§ Available records
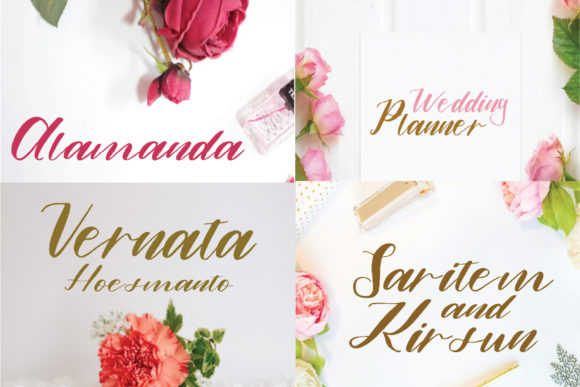 Alamanda: A Modern Script Typeface for Web Design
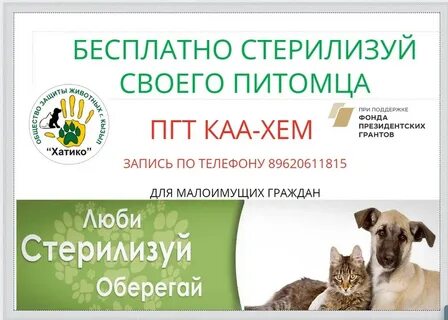 Отзывы клиники хатико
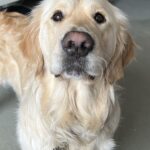 Close up photo of a golden retrievers head with light brown nose almost booping the camera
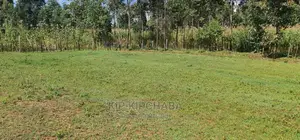 Several Plots for Sale in Cheplasgei Eldoret Bypass Eldoret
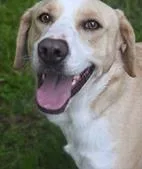 An adult large-sized male Labrador Retriever dog named Louie for adoption in Kansas City, MO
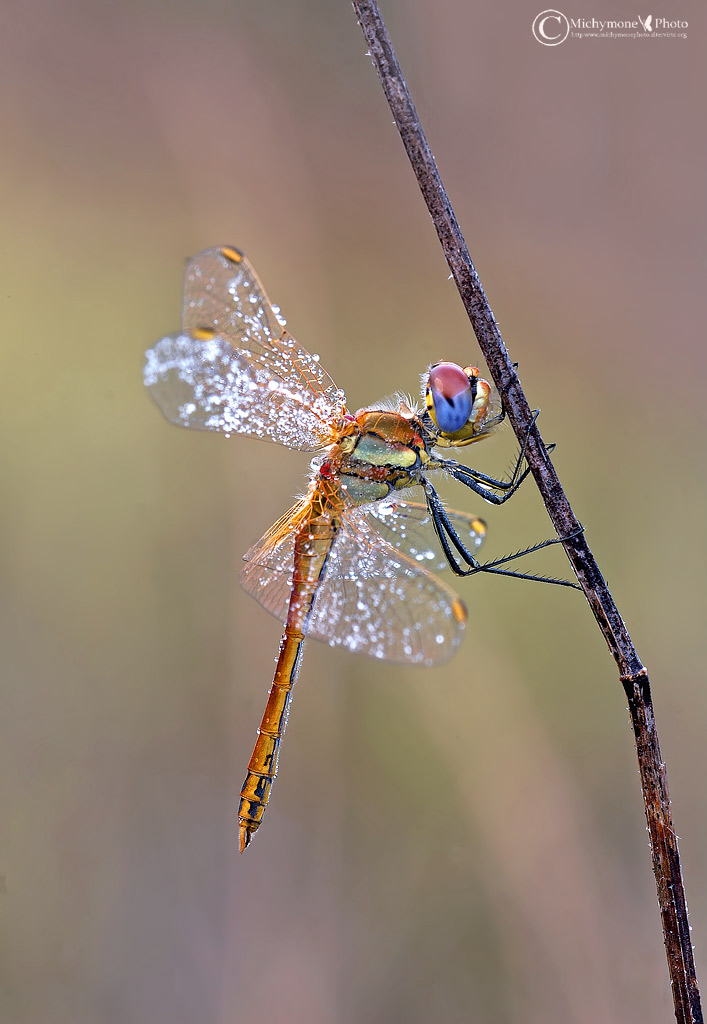 Sympetrum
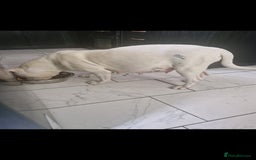 American Bulldog dogs for sale: American  bulldog  pups - Image 3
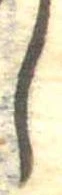 𛁅 위치 확인됨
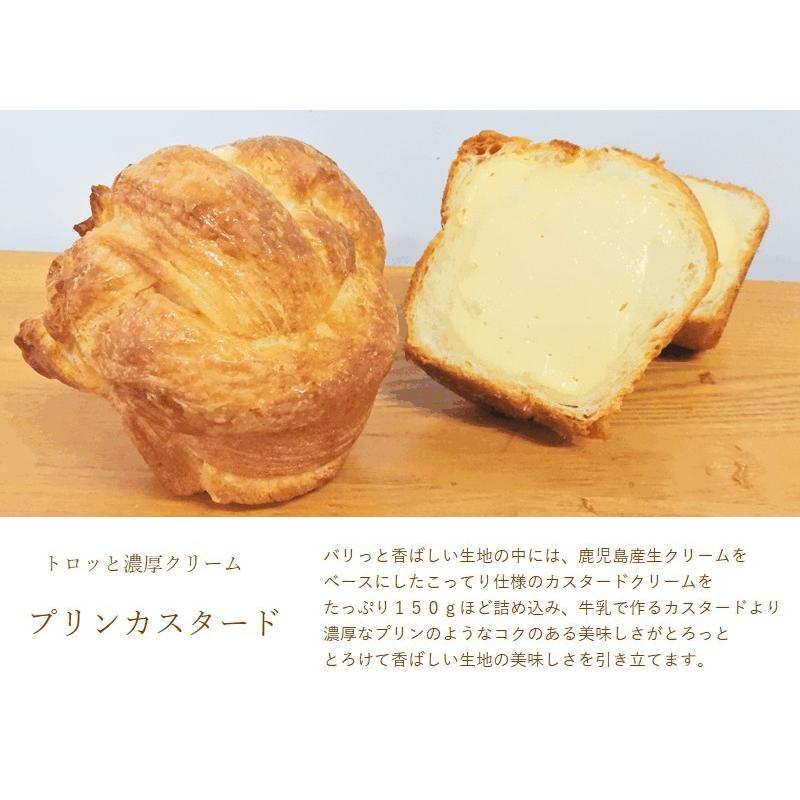285円 期間限定60%OFF! ポスト投函 井藤漢方製薬 食べて 285円 期間限定60%OFF! ポスト投函 井藤漢方製薬 食べて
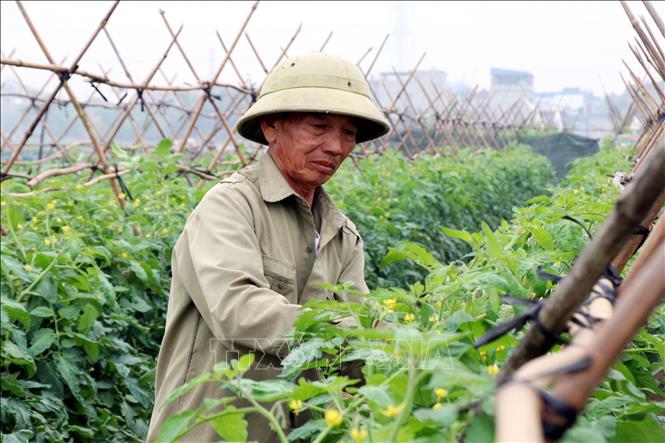 ចំណងជើងរូបថត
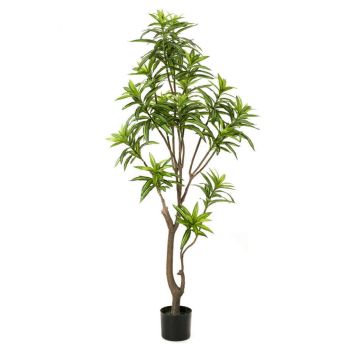 Veštačko Drvo Dracena - 402 lista - 155 cm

§ Problem to solve
Line for line, restate the data above and omit every picture.

§ Response
 Alamanda: A Modern Script Typeface for Web Design
 Отзывы клиники хатико
 Close up photo of a golden retrievers head with light brown nose almost booping the camera
 Several Plots for Sale in Cheplasgei Eldoret Bypass Eldoret
 An adult large-sized male Labrador Retriever dog named Louie for adoption in Kansas City, MO
 Sympetrum
 American Bulldog dogs for sale: American  bulldog  pups - Image 3
 𛁅 위치 확인됨
285円 期間限定60%OFF! ポスト投函 井藤漢方製薬 食べて 285円 期間限定60%OFF! ポスト投函 井藤漢方製薬 食べて
 ចំណងជើងរូបថត
 Veštačko Drvo Dracena - 402 lista - 155 cm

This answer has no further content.